Giving a third party permission to carry out one or more of the prohibited acts on the menu is equivalent to licensing the technology. Upon a successful licensing agreement, a licensee obtains an interest in the patent. This can be illustrated by an example using the inventor as the original assignee or owner of the patent: Inventor A enters into agreement with Company B, to allow Company B to sell the patented technology. Provided that there is a valid contract, Company B can retail a product based on that technology without the risk of incurring any infringement action from A. The typical terms of a licensing agreement will allow A to obtain a payment (royalty rate) or percentage of the net profit from sale of the product by B in exchange for the grant of this interest. The benefit B is obtaining is to market and also make a profit from the invention.

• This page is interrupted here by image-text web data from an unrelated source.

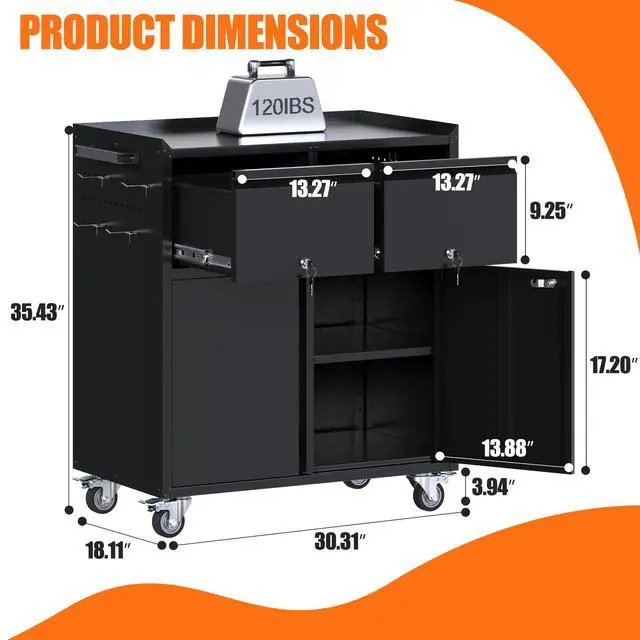 Alt view image 3 of 6 - Metal Garage Storage Cabinet on Wheels, Tool Storage Cabinet with Drawers Pegboard and 4 Hooks for Garage, Home, Office,Assembly Required,Black
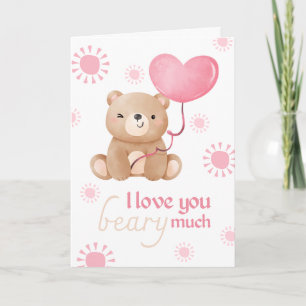Älskar dig jättemycket Teddybjörn Barn Valentine Kort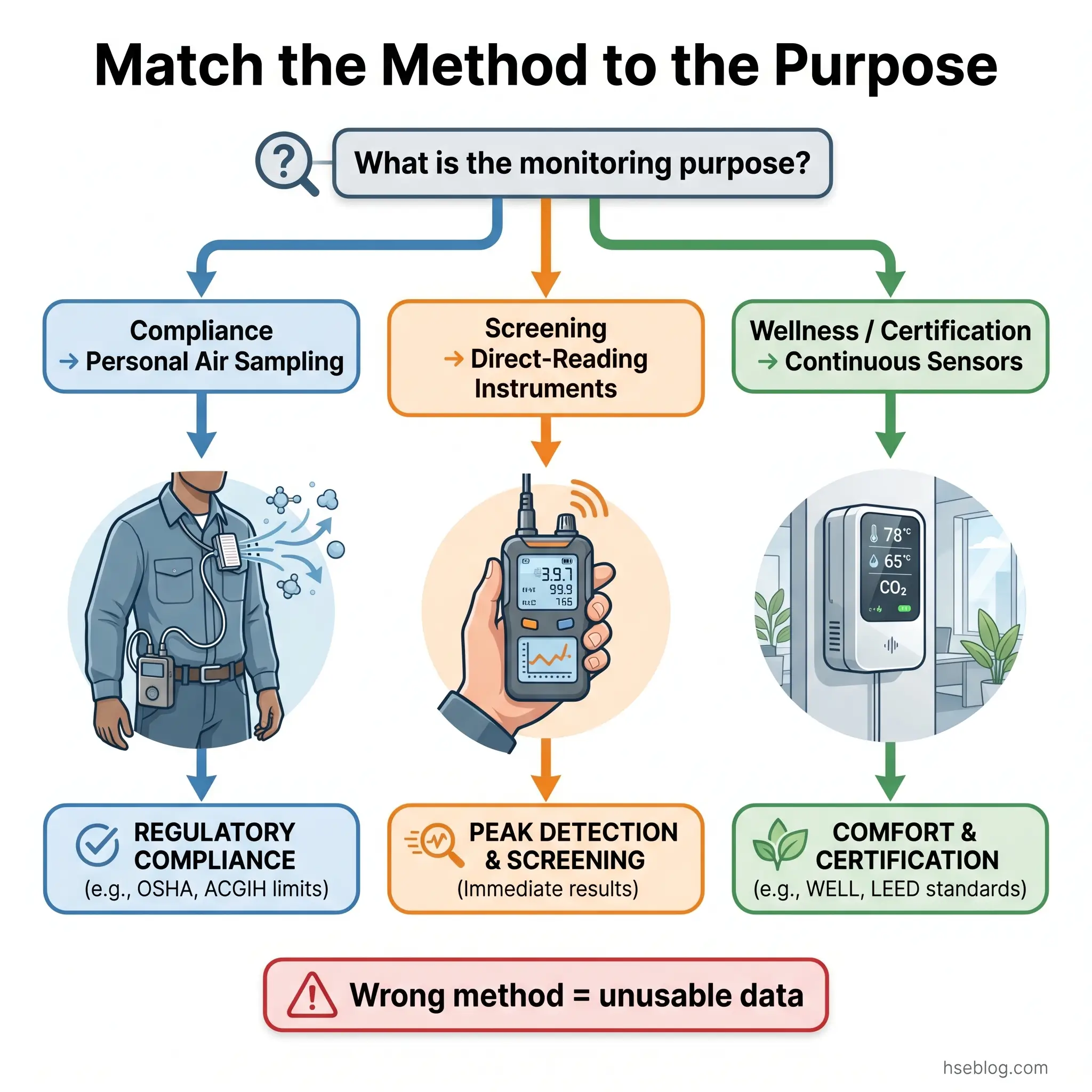 Flowchart showing three air quality monitoring methods matched to their purposes: personal air sampling for regulatory compliance, direct-reading instruments for peak detection and screening, and continuous sensors for wellness and certification standards.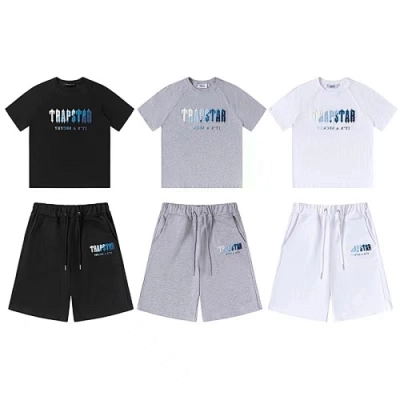 EM Sneakers Trapstar T-shirt & Shorts Sets #629-630 Black /Gray /White 01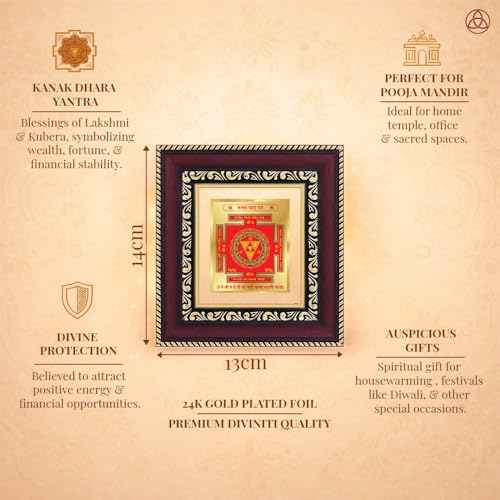 Image of DIVINITI Siddh Energised Kanakdhara Yantra | 24k Gold Plated Foil Prosperity Vastu Frame for Home, Office & Puja Room | Spiritual Yantra for Wealth, Prosperity & Abundance (14 X 13 CM)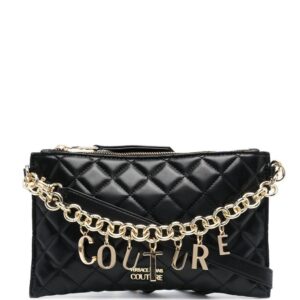 Versace logo-charm quilted clutch bag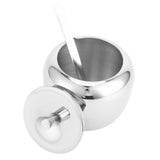 Stainless Steel Sugar Jar Seasoning Jar Spice Container with Lid and Spoon Home Kitchen Tool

There are no restrictions on the number of third party interests that can subsist within a patent right. So it is possible for Company C to obtain permission to dispose of a patented product and Company D could be given permission to use the technology in a research process or technique. In this situation, it is advisable that Inventor A stipulates in the agreement who will be the owner of any intellectual property rights (IPR) arising from the patented product or process. What if Company D produced a new chemical compound from using Inventor A's patented product? Who would be the owner of the new compound? This is why the licensing agreement would have to specify whether Inventor A or Company C would own any subsequent IPR arising from use of A's patented product. The only exception to this rule is an exclusive license where the licensee may sue for infringement in their own name.
A license is different from an assignment. An assignee takes the place of the previous owner and the previous owner will suspend any interest in the patented product or process. The third party, now the current assignee, will have the right to prevent other third parties from carrying out the restricted acts on the menu. They can also make a transfer of these rights again to another third party via assignment, licensing or as a security interest.

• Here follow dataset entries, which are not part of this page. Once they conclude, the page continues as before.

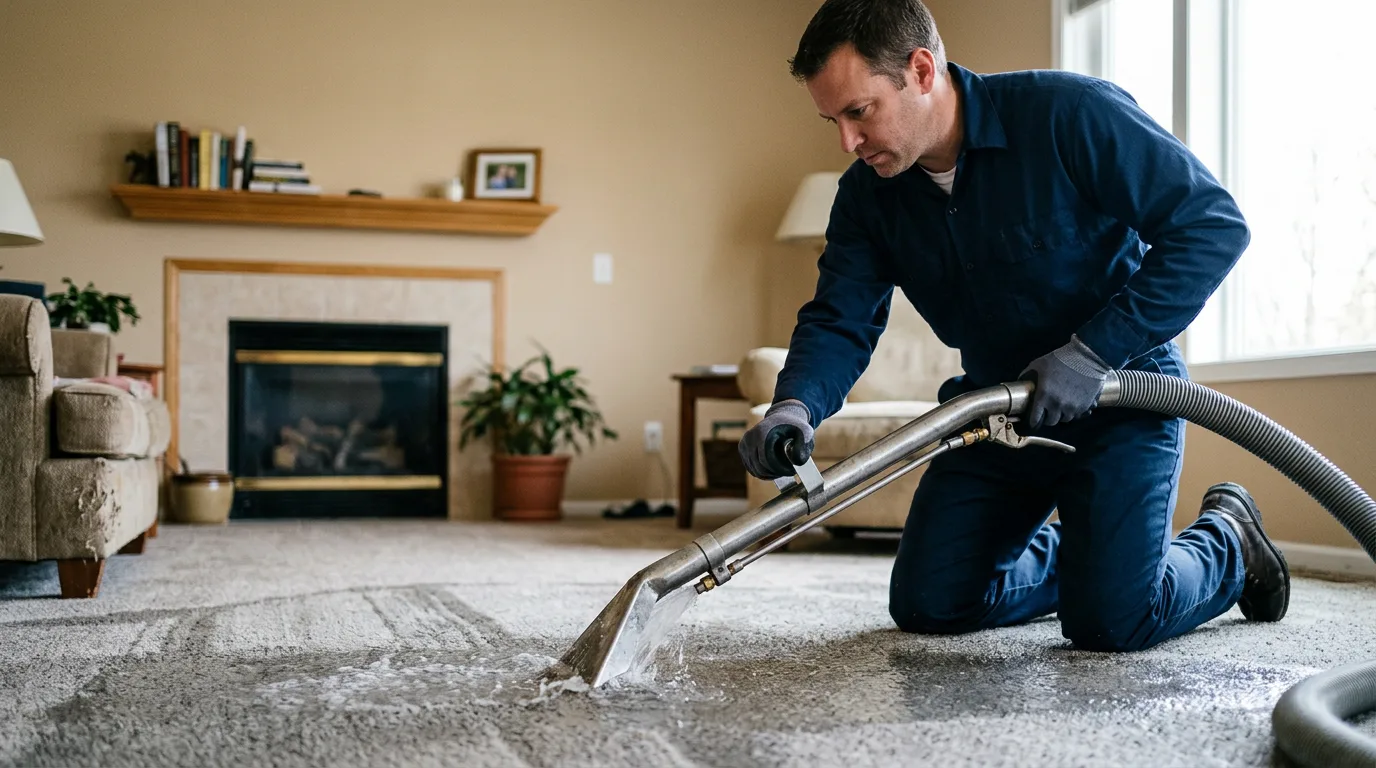 Water damage restoration technician working near Preston, ID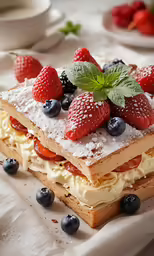 some strawberries are on top of dessert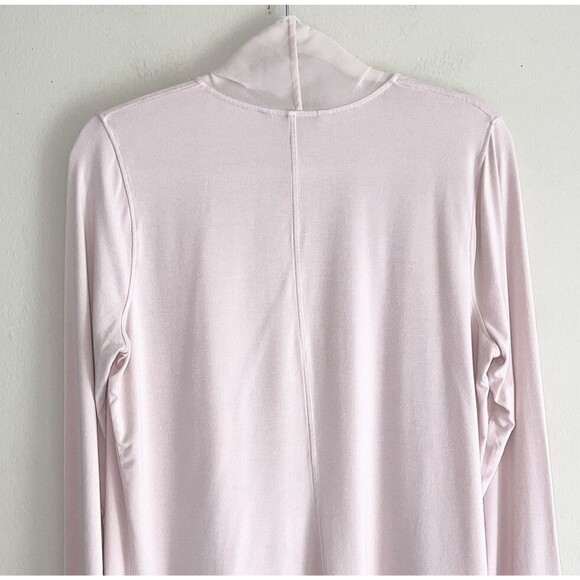 Ralph Lauren Lightweight Longline Cardigan M Sheer Panel Knit Rose Long Sleeves - Picture 6 of 9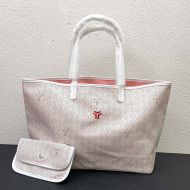 Goyard Saint Louis Reversible Tote In Goyardine Claire-Voie Canvas with Exclusive Kaki Logo Pink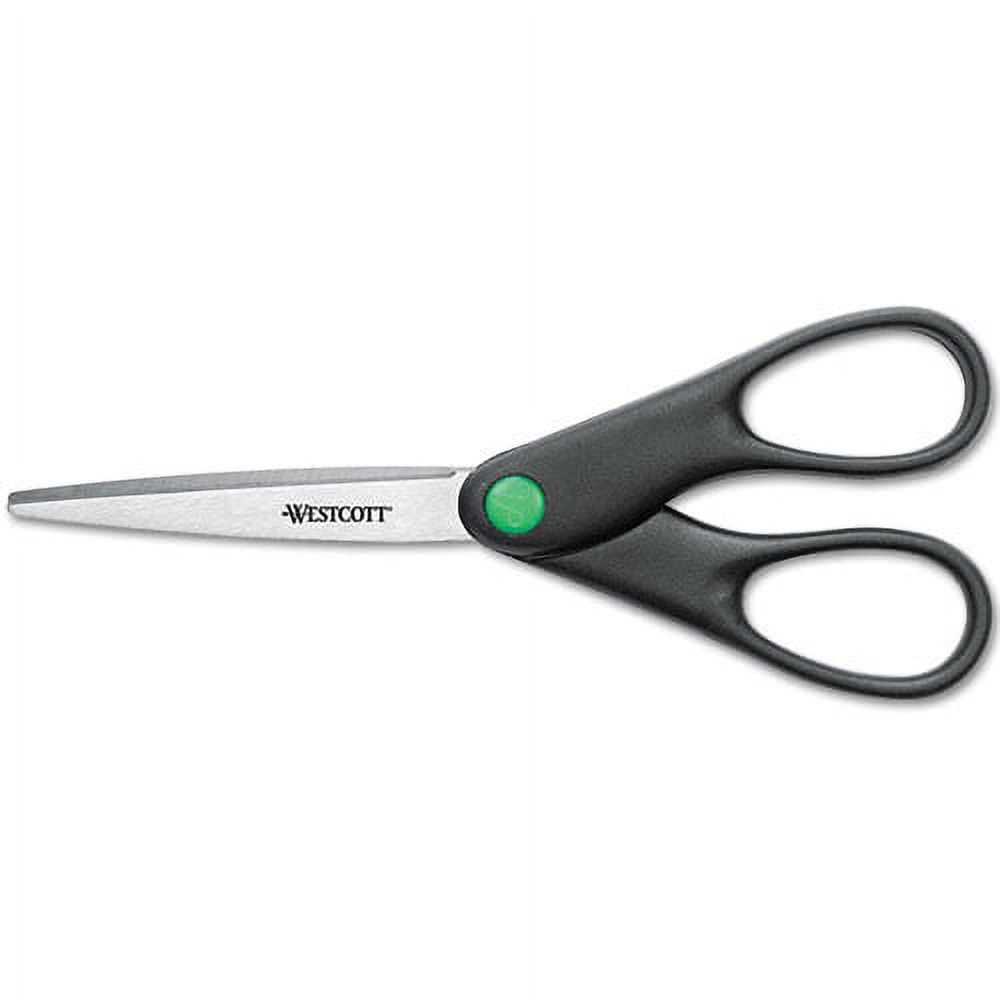 Kleenearth Scissors, Pointed Tip, 7" Long, 2.75" Cut Length, Black Straight Handle | Bundle of 5 Each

Where an assignment takes place, it must be in writing and signed on behalf of the assignor. This is because it is a transfer of the property, like selling a house. On the face of it, there is no obligation to put a licensing agreement in writing (it can be a verbal agreement) but it is advisable to do so because it will be easier for the licensee to assert the license against any infringers on behalf of the assignee.

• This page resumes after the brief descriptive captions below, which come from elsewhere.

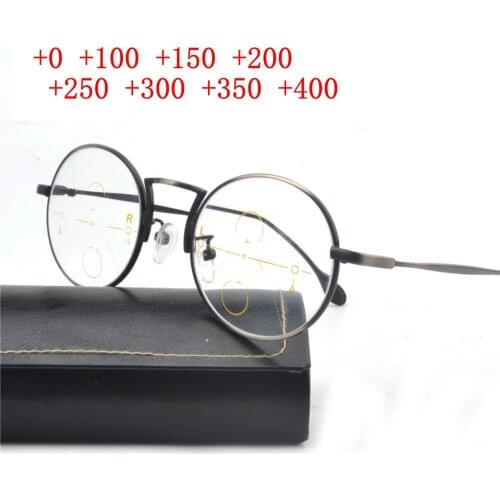 Anti blue round Progressive Reading Glasses women near Blue light blocking Multifocal glasses Bifocal Eyewear NX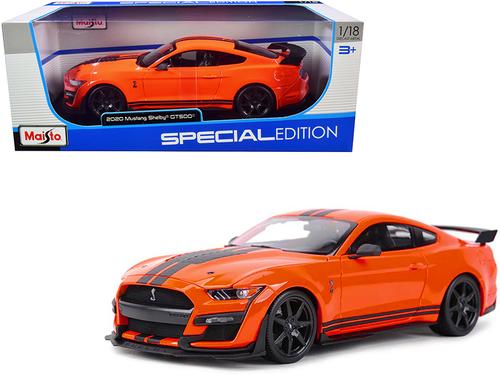 1/18 Diecast 2020 Ford Mustang Shelby GT500 Orange with Black Stripes "Special Edition" Model Car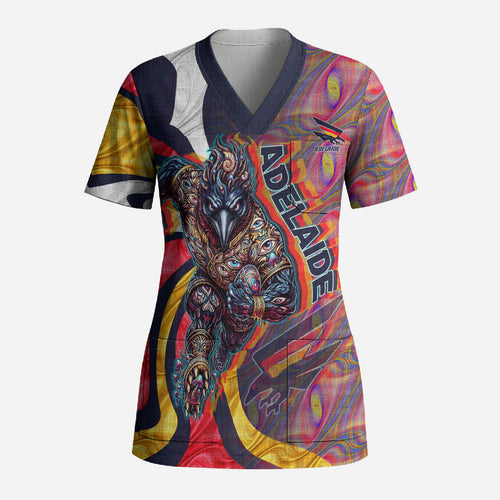 Personalised Adelaide Crows Scrub Top Trippy Psychedelic Abstract Art Mascot Football Fans
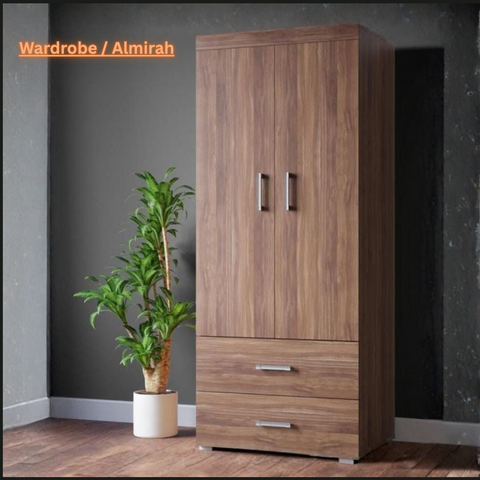Oaklyn Compact Wooden Wardrobe with Drawers | Walnut Finish | SRK Modular Furniture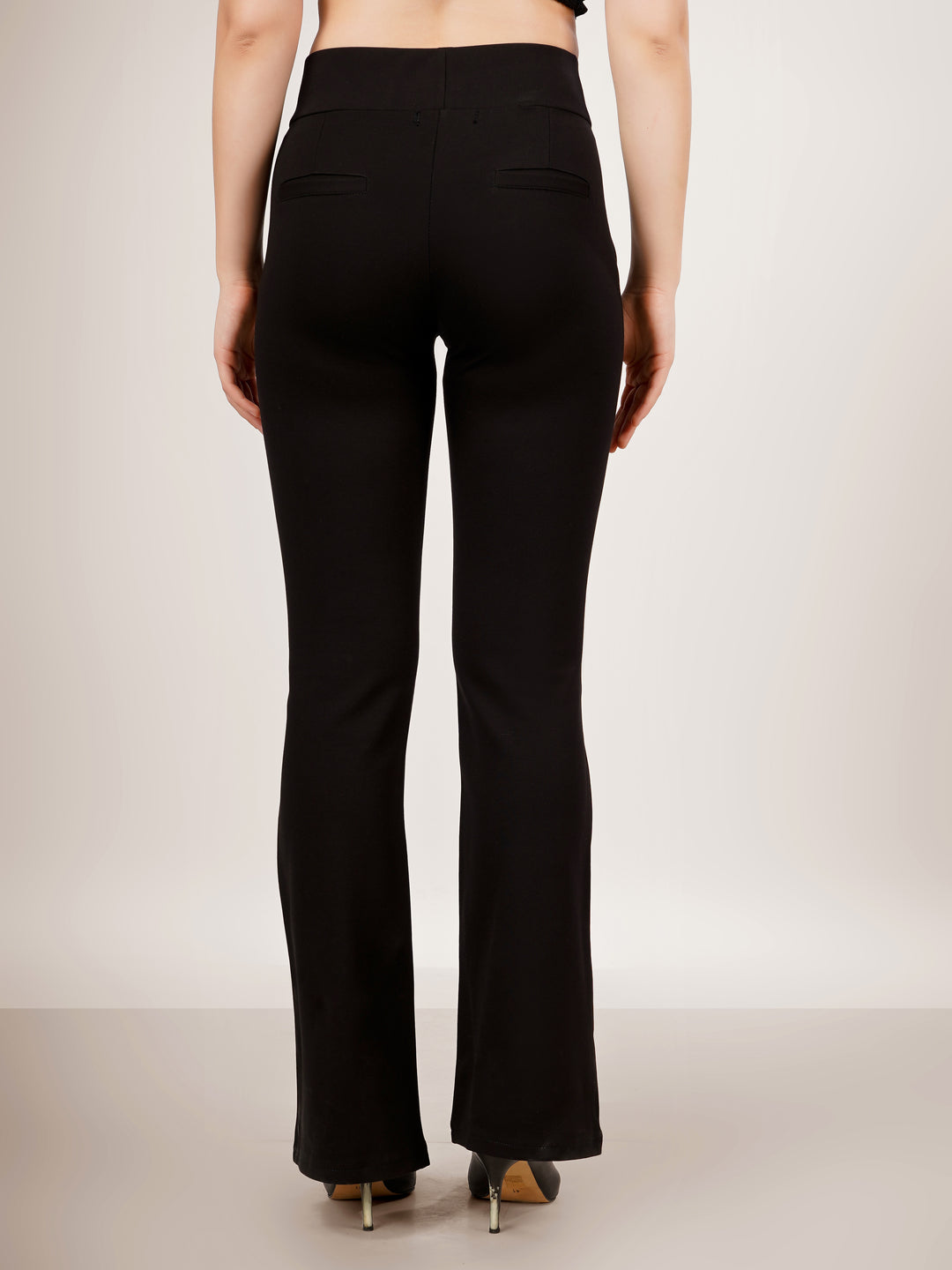 URBAN CONTOUR BELL BOTTOM HIGH WAIST BLACK JEGGING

There can sometimes be a complex matrix of interests being transferred to third parties so it is important that you can trace these. It is likely that when looking at a patent you will want to identify (i) who the current assignee (owner) of the patent is and; (ii) if there are any third party transfers of the patent rights or encumbrances that affect the patent. In some cases, transactions involving a patent document can be an indicator of a valuable technology. If you want to interrogate the assignment record of the patent you are reading, hit the 'Transaction' tab to see assignments from the original assignee including who the current assignee is.